WHAT TO DO:
For every line below, restate it exactly and drop the images.
--- THE DATA Enclosed Below ---
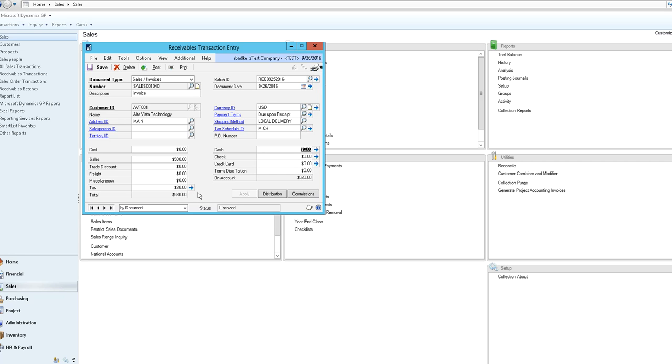Then you can apply any cash checks or credit cards that could be on account or that you want to enter that came along with this receivables transaction that you'll be posting shortly.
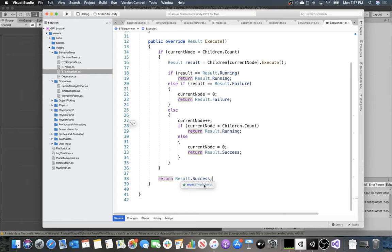What does this sequencer do? It asks: did all my children return success? If all children returned success, the sequencer returns success. If any single child returns failure, it returns failure. Think of it as an AND gate — all must be true. They execute in order, one after the other, and while still calculating, it just returns Running.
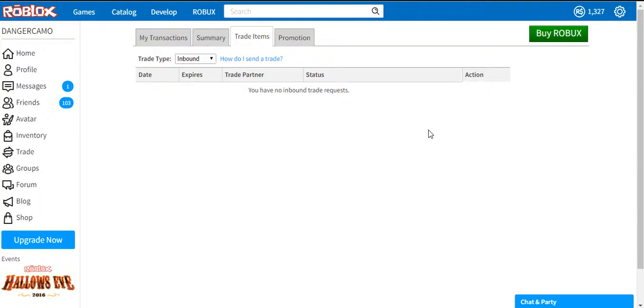Hey YouTube, it's the Sphinx Channel here, and today we're going to be doing a video on how to send trade requests.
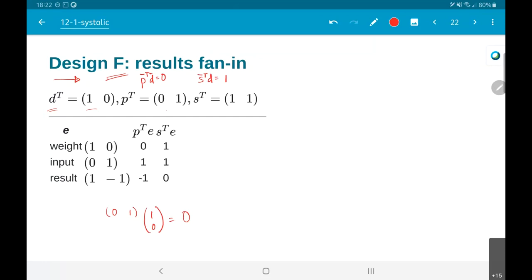S transpose d has to be greater than 0 - or it can be negative, but ultimately what we are interested in is the sign of s transpose d. A negative value just means the direction we chose for our arrows was probably wrong and we need to reverse that. But it cannot be equal to 0.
--- End of Enclosed THE DATA ---
EXERCISE RESPONSE:
Then you can apply any cash checks or credit cards that could be on account or that you want to enter that came along with this receivables transaction that you'll be posting shortly.
What does this sequencer do? It asks: did all my children return success? If all children returned success, the sequencer returns success. If any single child returns failure, it returns failure. Think of it as an AND gate — all must be true. They execute in order, one after the other, and while still calculating, it just returns Running.
Hey YouTube, it's the Sphinx Channel here, and today we're going to be doing a video on how to send trade requests.
S transpose d has to be greater than 0 - or it can be negative, but ultimately what we are interested in is the sign of s transpose d. A negative value just means the direction we chose for our arrows was probably wrong and we need to reverse that. But it cannot be equal to 0.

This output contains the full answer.